Sul fronte del petrolio, la metà del greggio che arriva nel Mediterraneo (9 milioni di barili di greggio ogni giorno) viene scaricato nei porti petroli italiani (14 scali petroliferi, 3 dei quali sono quelli principali: Genova, Trieste, Venezia). Sono 9 le raffinerie situate sulla costa (Marghera, Falconara, Taranto, Livorno, Augusta, Priolo, Milazzo, Sarroch e Gela) ed è l’Italia ad avere il primato del greggio versato nei principali incidenti che si sono succeduti in 25 anni, con 162.200 le tonnellate sversate nelle acque territoriali italiane, seguita dalla Turchia (con quasi 50.000 tonnellate) e dal Libano (29.000). Mentre sul fronte dei depuratori, ben 18 milioni di cittadini, pari al 30% della popolazione italiana, non sono serviti dalla depurazione delle acque reflue, mentre un impianto su 4 sarebbe irregolare. Non a caso il nostro Paese è stato chiamato a rispondere in sede di Corte di Giustizia europea.
Una situazione grave resa ancora più difficile da un impianto di tutela che “è tale solo sulla carta”.
Per questo il WWF ha presentato al ministro Clini dieci richieste “salva-coste”, che riguardano da un lato la diminuzione della pressione sulle coste già edificate, dall’altro una gestione naturalistica ed ambientale efficace per le aree che si sono salvate: 1) Estensione del vincolo paesaggistico sulle coste; 2) Moratoria delle nuove edificazioni; 3) Approvazione dei Master Plan regionali dei porti; 4) Ricognizione sulle concessioni degli stabilenti balneari; 5) Bonifica delle aree industriali costiere inquinate; 6) Pieno rispetto della Convenzione di Barcellona su fascia costiera e aree protette; 7) Approvazione dei Piani di gestione per le aree costiere e marine della Rete Natura 2000; 8 ) Gestione integrata delle acque per salvare la costa e il mare; 9) Garantire le risorse per maggiori controlli in mare e sulla fascia costiera; 10 Avvio di un Piano nazionale per le “green infrastructure”.

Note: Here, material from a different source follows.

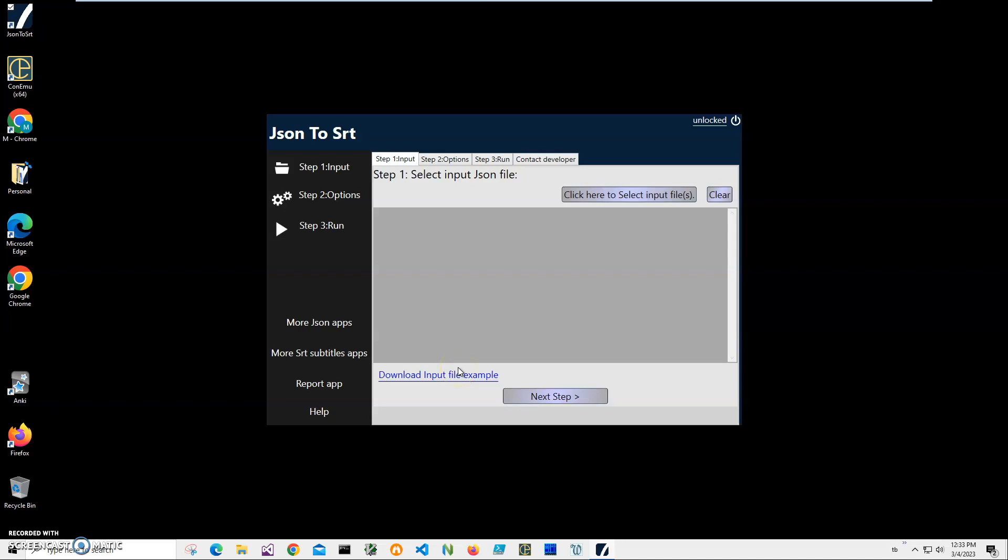Or you can reuse the same structure if you want to. But it doesn't matter. As long as your JSON file has three components—start time, end time, and text—it will be sufficient enough to convert it to subtitles.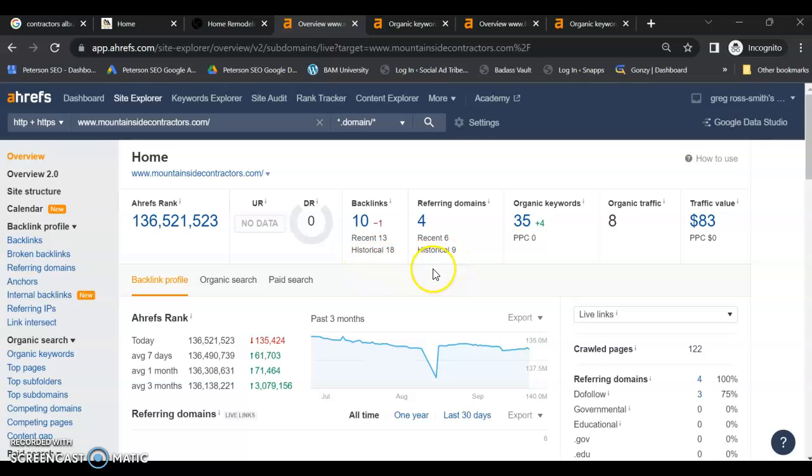And while you do need a lot of these, not all are created equal. Not every type of link will work for every type of business. You need to stick to authoritative do follow links.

“Anche in una situazione di difficoltà economica come quella attuale, la tutela delle nostre coste è necessaria e possibile, trovando in un nuovo rapporto tra Stato e Regioni la capacità di realizzare un piano di intervento a lungo termine su cui investire fondi comunitari – ha detto Adriano Paolella, direttore generale del WWF Italia.